The filter 30 may be arranged at any position between the tip 16 of the reduced diameter tip 14 and the test paper 20. For example, the filter 30 may be disposed at the distal end of the instrument body 10 or the transition portion 12.

○ The filter 30 may contact at a plurality of locations along the longitudinal direction of the cuvette 2.

○ The filter 30 may be omitted.

Hereinafter, the present invention will be described more specifically with reference to examples, but it goes without saying that the present invention is not limited thereto.

Example An immunochromato strip for human hemoglobin detection (trade name OC-Light, manufactured by Eiken Co., Ltd.) was inserted into a translucent syringe (ART, No. 88337) made of polyethylene having a diameter of 6.5 mm. The test was carried out without being fixed to the dropper.

Measured 10 times each using human hemoglobin negative standard solution (hemoglobin concentration: 0 ng / mL, HEPES buffer) and positive standard solution (hemoglobin concentration: 450 ng / mL, HEPES buffer).
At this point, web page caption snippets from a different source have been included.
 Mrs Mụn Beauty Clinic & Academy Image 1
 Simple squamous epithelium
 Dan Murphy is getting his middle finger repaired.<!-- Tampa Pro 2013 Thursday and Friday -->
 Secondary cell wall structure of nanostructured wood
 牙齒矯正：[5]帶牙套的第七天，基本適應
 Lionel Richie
During operation, when the dropper was pressed, the liquid entered the dropper with the restoring force and the strip was immersed. The strips were visually measured 5 minutes after the liquid was aspirated. The test results were confirmed by coloring the control part line and the control part line, all negative (-) and positive standard (+).

In addition, as a result of measuring the decrease in each standard solution before and after aspiration, the negative standard solution was 0.52 ± 0.03 mL (mean ± SD) and the positive standard solution was 0.51 ± 0.03 mL Average ± SD), and the reproducibility of the suction liquid amount was good.
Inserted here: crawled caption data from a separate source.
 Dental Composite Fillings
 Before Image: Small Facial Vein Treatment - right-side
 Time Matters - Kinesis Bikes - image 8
The novel specimen testing apparatus of the present invention is useful in that it can reduce the risk of contact with the specimen because the diameter of the tip of the reduced diameter tip where the specimen is sucked is small.
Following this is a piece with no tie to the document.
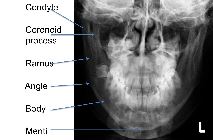 Mandibular anatomy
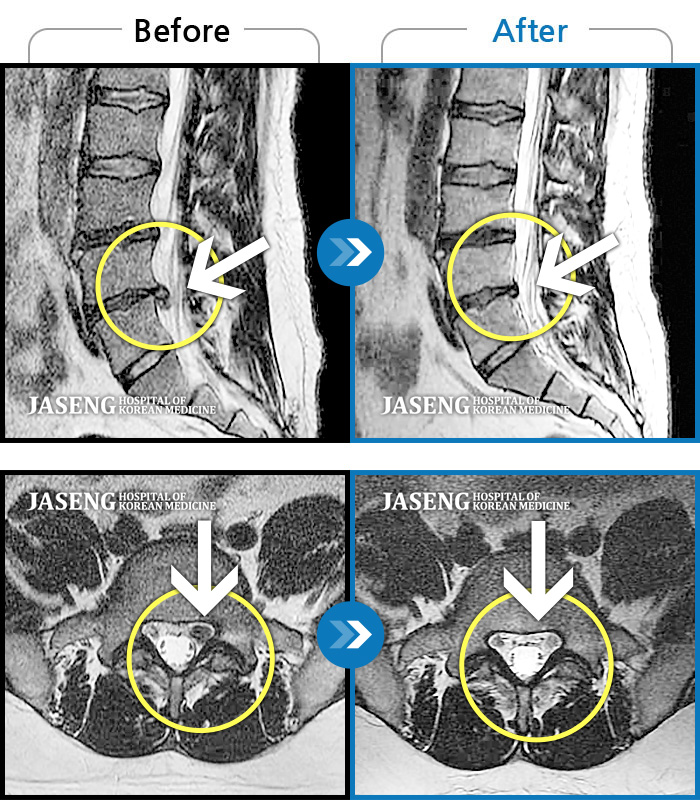 안산자생한방병원 치료사례 MRI로 보는 치료결과-허리 통증과 심한 좌측 다리 통증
DESCRIPTION OF SYMBOLS 1 ... Specimen inspection apparatus, 2 ... Test container, 10 ... Instrument main body, 14 ... Reduced diameter front-end | tip part, 14b ... Inner wall, 16 ... End | tip, 18 ... Operation part, 20 ... Test piece, 20a ... Tip, 30 ... Filter, 32 …cap.

Claims

An inspection instrument having an instrument body, an operation section, and a reduced diameter tip disposed on the distal end side of the instrument body, the reduced diameter tip having a distal end;
A specimen for specimen testing arranged in a testing instrument,
A specimen testing apparatus, wherein the specimen is sucked into the instrument body through the tip of the reduced diameter tip by the operation of the operation section.
2. The sample testing apparatus according to claim 1, further comprising a filter for filtering the sample.
3. The specimen inspection apparatus according to claim 1 or 2, wherein the test piece is semi-fixed to the inspection instrument by the tip of the test piece contacting the inner wall of the inspection instrument.
The specimen testing apparatus according to any one of claims 1 to 3, wherein the test instrument is made of a transparent or translucent material.
The specimen testing apparatus according to any one of claims 1 to 4, wherein the specimen testing apparatus further includes a cap attached to the tip of the reduced diameter tip.
The test piece according to any one of claims 1 to 5, wherein the test piece is at least one selected from a test piece for immunochromatography, a urine test piece, and a test piece for measuring a urine salt concentration. The specimen testing apparatus described.
The specimen testing apparatus according to any one of claims 1 to 6, wherein the test piece is a laminate of a plurality of test pieces.